> [Problem to solve]: Each entry below must appear in the answer exactly as written.
################
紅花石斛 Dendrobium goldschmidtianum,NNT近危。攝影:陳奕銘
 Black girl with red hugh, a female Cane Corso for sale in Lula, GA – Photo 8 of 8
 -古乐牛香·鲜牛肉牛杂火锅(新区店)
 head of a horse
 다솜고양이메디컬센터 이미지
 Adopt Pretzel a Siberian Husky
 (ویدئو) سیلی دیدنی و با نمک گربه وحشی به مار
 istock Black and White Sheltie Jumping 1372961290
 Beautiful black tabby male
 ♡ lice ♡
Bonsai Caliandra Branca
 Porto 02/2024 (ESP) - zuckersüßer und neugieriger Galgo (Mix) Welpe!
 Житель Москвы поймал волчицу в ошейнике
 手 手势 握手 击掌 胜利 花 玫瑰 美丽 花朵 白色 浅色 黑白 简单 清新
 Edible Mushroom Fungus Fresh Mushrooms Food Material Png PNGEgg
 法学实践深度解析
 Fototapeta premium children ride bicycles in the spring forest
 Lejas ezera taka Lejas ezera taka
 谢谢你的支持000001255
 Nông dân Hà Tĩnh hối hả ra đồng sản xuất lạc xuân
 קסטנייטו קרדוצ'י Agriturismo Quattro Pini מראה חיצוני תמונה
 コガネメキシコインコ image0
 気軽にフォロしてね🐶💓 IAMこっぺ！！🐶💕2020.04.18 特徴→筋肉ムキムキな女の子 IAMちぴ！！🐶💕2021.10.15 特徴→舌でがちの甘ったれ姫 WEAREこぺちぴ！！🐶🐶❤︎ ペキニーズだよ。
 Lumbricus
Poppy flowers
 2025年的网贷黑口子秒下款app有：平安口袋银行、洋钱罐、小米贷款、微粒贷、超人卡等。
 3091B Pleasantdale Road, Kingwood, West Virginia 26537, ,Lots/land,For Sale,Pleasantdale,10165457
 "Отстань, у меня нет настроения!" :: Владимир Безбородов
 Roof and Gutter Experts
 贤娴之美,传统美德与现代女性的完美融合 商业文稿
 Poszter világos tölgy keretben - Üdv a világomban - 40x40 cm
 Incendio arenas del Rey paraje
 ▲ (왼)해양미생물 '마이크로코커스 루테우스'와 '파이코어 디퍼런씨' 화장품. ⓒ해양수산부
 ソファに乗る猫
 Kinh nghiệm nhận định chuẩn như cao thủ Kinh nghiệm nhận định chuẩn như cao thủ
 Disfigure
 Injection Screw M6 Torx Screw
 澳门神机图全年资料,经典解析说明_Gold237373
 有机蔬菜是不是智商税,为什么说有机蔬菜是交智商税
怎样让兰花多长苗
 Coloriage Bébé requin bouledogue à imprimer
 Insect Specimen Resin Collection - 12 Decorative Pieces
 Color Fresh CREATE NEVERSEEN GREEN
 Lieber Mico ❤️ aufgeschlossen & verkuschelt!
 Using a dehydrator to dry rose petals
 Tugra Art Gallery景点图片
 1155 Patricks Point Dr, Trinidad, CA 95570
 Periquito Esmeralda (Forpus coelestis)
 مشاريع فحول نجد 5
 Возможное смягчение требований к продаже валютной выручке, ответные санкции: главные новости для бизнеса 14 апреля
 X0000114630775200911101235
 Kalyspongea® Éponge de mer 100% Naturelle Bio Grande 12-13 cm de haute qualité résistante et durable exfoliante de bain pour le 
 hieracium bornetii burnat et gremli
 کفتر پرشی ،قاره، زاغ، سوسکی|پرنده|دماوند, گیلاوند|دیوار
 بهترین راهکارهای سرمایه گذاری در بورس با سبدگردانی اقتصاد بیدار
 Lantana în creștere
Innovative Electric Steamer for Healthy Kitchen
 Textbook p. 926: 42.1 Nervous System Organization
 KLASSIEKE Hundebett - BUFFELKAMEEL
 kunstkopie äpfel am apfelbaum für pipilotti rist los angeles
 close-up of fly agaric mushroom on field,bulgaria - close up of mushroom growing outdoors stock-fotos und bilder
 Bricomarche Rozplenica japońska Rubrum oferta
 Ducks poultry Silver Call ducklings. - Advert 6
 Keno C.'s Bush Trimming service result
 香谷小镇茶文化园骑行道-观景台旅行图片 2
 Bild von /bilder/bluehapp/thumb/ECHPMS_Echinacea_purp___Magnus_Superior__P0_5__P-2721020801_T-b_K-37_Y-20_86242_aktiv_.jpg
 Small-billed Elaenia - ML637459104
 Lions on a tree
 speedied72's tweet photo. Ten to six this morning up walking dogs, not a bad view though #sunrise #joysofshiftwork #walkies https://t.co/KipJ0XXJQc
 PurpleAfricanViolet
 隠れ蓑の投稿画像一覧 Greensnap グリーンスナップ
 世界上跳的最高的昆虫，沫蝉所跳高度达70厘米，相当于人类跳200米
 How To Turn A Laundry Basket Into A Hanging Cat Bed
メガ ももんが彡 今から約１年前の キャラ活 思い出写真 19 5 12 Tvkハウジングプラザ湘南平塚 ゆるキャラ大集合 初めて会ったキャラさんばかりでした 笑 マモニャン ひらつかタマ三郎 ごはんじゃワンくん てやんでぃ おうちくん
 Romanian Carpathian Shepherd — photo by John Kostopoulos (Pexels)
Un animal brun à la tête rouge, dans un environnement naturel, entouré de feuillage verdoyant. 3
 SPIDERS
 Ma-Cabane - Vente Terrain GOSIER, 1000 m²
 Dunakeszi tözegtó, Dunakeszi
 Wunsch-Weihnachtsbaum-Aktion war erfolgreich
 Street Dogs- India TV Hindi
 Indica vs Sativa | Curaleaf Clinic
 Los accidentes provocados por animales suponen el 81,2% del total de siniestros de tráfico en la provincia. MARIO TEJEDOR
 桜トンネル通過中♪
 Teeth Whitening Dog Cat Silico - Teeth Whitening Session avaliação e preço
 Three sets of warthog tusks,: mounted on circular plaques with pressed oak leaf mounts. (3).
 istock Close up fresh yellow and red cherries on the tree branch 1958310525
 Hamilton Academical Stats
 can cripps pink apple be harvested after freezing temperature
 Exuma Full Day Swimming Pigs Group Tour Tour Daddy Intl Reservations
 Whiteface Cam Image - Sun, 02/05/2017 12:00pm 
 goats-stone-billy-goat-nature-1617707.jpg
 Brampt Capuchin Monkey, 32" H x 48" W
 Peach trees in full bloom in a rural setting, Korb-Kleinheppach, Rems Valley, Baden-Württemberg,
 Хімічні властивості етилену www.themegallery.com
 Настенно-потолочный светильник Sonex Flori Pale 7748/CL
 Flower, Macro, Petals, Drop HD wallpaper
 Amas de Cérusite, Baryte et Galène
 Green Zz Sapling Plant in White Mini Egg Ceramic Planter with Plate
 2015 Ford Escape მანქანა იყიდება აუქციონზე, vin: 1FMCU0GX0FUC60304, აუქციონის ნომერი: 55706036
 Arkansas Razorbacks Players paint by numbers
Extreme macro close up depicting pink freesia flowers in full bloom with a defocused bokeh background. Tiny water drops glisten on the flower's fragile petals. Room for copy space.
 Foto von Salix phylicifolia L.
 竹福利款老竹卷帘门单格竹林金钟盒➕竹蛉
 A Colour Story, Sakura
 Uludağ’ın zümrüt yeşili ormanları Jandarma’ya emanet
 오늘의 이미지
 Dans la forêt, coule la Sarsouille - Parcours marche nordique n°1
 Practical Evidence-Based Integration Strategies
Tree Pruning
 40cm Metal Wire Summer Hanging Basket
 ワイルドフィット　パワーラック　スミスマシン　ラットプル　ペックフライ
################
> [Exercise solution]:
紅花石斛 Dendrobium goldschmidtianum,NNT近危。攝影:陳奕銘
 Black girl with red hugh, a female Cane Corso for sale in Lula, GA – Photo 8 of 8
 -古乐牛香·鲜牛肉牛杂火锅(新区店)
 head of a horse
 다솜고양이메디컬센터 이미지
 Adopt Pretzel a Siberian Husky
 (ویدئو) سیلی دیدنی و با نمک گربه وحشی به مار
 istock Black and White Sheltie Jumping 1372961290
 Beautiful black tabby male
 ♡ lice ♡
Bonsai Caliandra Branca
 Porto 02/2024 (ESP) - zuckersüßer und neugieriger Galgo (Mix) Welpe!
 Житель Москвы поймал волчицу в ошейнике
 手 手势 握手 击掌 胜利 花 玫瑰 美丽 花朵 白色 浅色 黑白 简单 清新
 Edible Mushroom Fungus Fresh Mushrooms Food Material Png PNGEgg
 法学实践深度解析
 Fototapeta premium children ride bicycles in the spring forest
 Lejas ezera taka Lejas ezera taka
 谢谢你的支持000001255
 Nông dân Hà Tĩnh hối hả ra đồng sản xuất lạc xuân
 קסטנייטו קרדוצ'י Agriturismo Quattro Pini מראה חיצוני תמונה
 コガネメキシコインコ image0
 気軽にフォロしてね🐶💓 IAMこっぺ！！🐶💕2020.04.18 特徴→筋肉ムキムキな女の子 IAMちぴ！！🐶💕2021.10.15 特徴→舌でがちの甘ったれ姫 WEAREこぺちぴ！！🐶🐶❤︎ ペキニーズだよ。
 Lumbricus
Poppy flowers
 2025年的网贷黑口子秒下款app有：平安口袋银行、洋钱罐、小米贷款、微粒贷、超人卡等。
 3091B Pleasantdale Road, Kingwood, West Virginia 26537, ,Lots/land,For Sale,Pleasantdale,10165457
 "Отстань, у меня нет настроения!" :: Владимир Безбородов
 Roof and Gutter Experts
 贤娴之美,传统美德与现代女性的完美融合 商业文稿
 Poszter világos tölgy keretben - Üdv a világomban - 40x40 cm
 Incendio arenas del Rey paraje
 ▲ (왼)해양미생물 '마이크로코커스 루테우스'와 '파이코어 디퍼런씨' 화장품. ⓒ해양수산부
 ソファに乗る猫
 Kinh nghiệm nhận định chuẩn như cao thủ Kinh nghiệm nhận định chuẩn như cao thủ
 Disfigure
 Injection Screw M6 Torx Screw
 澳门神机图全年资料,经典解析说明_Gold237373
 有机蔬菜是不是智商税,为什么说有机蔬菜是交智商税
怎样让兰花多长苗
 Coloriage Bébé requin bouledogue à imprimer
 Insect Specimen Resin Collection - 12 Decorative Pieces
 Color Fresh CREATE NEVERSEEN GREEN
 Lieber Mico ❤️ aufgeschlossen & verkuschelt!
 Using a dehydrator to dry rose petals
 Tugra Art Gallery景点图片
 1155 Patricks Point Dr, Trinidad, CA 95570
 Periquito Esmeralda (Forpus coelestis)
 مشاريع فحول نجد 5
 Возможное смягчение требований к продаже валютной выручке, ответные санкции: главные новости для бизнеса 14 апреля
 X0000114630775200911101235
 Kalyspongea® Éponge de mer 100% Naturelle Bio Grande 12-13 cm de haute qualité résistante et durable exfoliante de bain pour le 
 hieracium bornetii burnat et gremli
 کفتر پرشی ،قاره، زاغ، سوسکی|پرنده|دماوند, گیلاوند|دیوار
 بهترین راهکارهای سرمایه گذاری در بورس با سبدگردانی اقتصاد بیدار
 Lantana în creștere
Innovative Electric Steamer for Healthy Kitchen
 Textbook p. 926: 42.1 Nervous System Organization
 KLASSIEKE Hundebett - BUFFELKAMEEL
 kunstkopie äpfel am apfelbaum für pipilotti rist los angeles
 close-up of fly agaric mushroom on field,bulgaria - close up of mushroom growing outdoors stock-fotos und bilder
 Bricomarche Rozplenica japońska Rubrum oferta
 Ducks poultry Silver Call ducklings. - Advert 6
 Keno C.'s Bush Trimming service result
 香谷小镇茶文化园骑行道-观景台旅行图片 2
 Bild von /bilder/bluehapp/thumb/ECHPMS_Echinacea_purp___Magnus_Superior__P0_5__P-2721020801_T-b_K-37_Y-20_86242_aktiv_.jpg
 Small-billed Elaenia - ML637459104
 Lions on a tree
 speedied72's tweet photo. Ten to six this morning up walking dogs, not a bad view though #sunrise #joysofshiftwork #walkies https://t.co/KipJ0XXJQc
 PurpleAfricanViolet
 隠れ蓑の投稿画像一覧 Greensnap グリーンスナップ
 世界上跳的最高的昆虫，沫蝉所跳高度达70厘米，相当于人类跳200米
 How To Turn A Laundry Basket Into A Hanging Cat Bed
メガ ももんが彡 今から約１年前の キャラ活 思い出写真 19 5 12 Tvkハウジングプラザ湘南平塚 ゆるキャラ大集合 初めて会ったキャラさんばかりでした 笑 マモニャン ひらつかタマ三郎 ごはんじゃワンくん てやんでぃ おうちくん
 Romanian Carpathian Shepherd — photo by John Kostopoulos (Pexels)
Un animal brun à la tête rouge, dans un environnement naturel, entouré de feuillage verdoyant. 3
 SPIDERS
 Ma-Cabane - Vente Terrain GOSIER, 1000 m²
 Dunakeszi tözegtó, Dunakeszi
 Wunsch-Weihnachtsbaum-Aktion war erfolgreich
 Street Dogs- India TV Hindi
 Indica vs Sativa | Curaleaf Clinic
 Los accidentes provocados por animales suponen el 81,2% del total de siniestros de tráfico en la provincia. MARIO TEJEDOR
 桜トンネル通過中♪
 Teeth Whitening Dog Cat Silico - Teeth Whitening Session avaliação e preço
 Three sets of warthog tusks,: mounted on circular plaques with pressed oak leaf mounts. (3).
 istock Close up fresh yellow and red cherries on the tree branch 1958310525
 Hamilton Academical Stats
 can cripps pink apple be harvested after freezing temperature
 Exuma Full Day Swimming Pigs Group Tour Tour Daddy Intl Reservations
 Whiteface Cam Image - Sun, 02/05/2017 12:00pm 
 goats-stone-billy-goat-nature-1617707.jpg
 Brampt Capuchin Monkey, 32" H x 48" W
 Peach trees in full bloom in a rural setting, Korb-Kleinheppach, Rems Valley, Baden-Württemberg,
 Хімічні властивості етилену www.themegallery.com
 Настенно-потолочный светильник Sonex Flori Pale 7748/CL
 Flower, Macro, Petals, Drop HD wallpaper
 Amas de Cérusite, Baryte et Galène
 Green Zz Sapling Plant in White Mini Egg Ceramic Planter with Plate
 2015 Ford Escape მანქანა იყიდება აუქციონზე, vin: 1FMCU0GX0FUC60304, აუქციონის ნომერი: 55706036
 Arkansas Razorbacks Players paint by numbers
Extreme macro close up depicting pink freesia flowers in full bloom with a defocused bokeh background. Tiny water drops glisten on the flower's fragile petals. Room for copy space.
 Foto von Salix phylicifolia L.
 竹福利款老竹卷帘门单格竹林金钟盒➕竹蛉
 A Colour Story, Sakura
 Uludağ’ın zümrüt yeşili ormanları Jandarma’ya emanet
 오늘의 이미지
 Dans la forêt, coule la Sarsouille - Parcours marche nordique n°1
 Practical Evidence-Based Integration Strategies
Tree Pruning
 40cm Metal Wire Summer Hanging Basket
 ワイルドフィット　パワーラック　スミスマシン　ラットプル　ペックフライ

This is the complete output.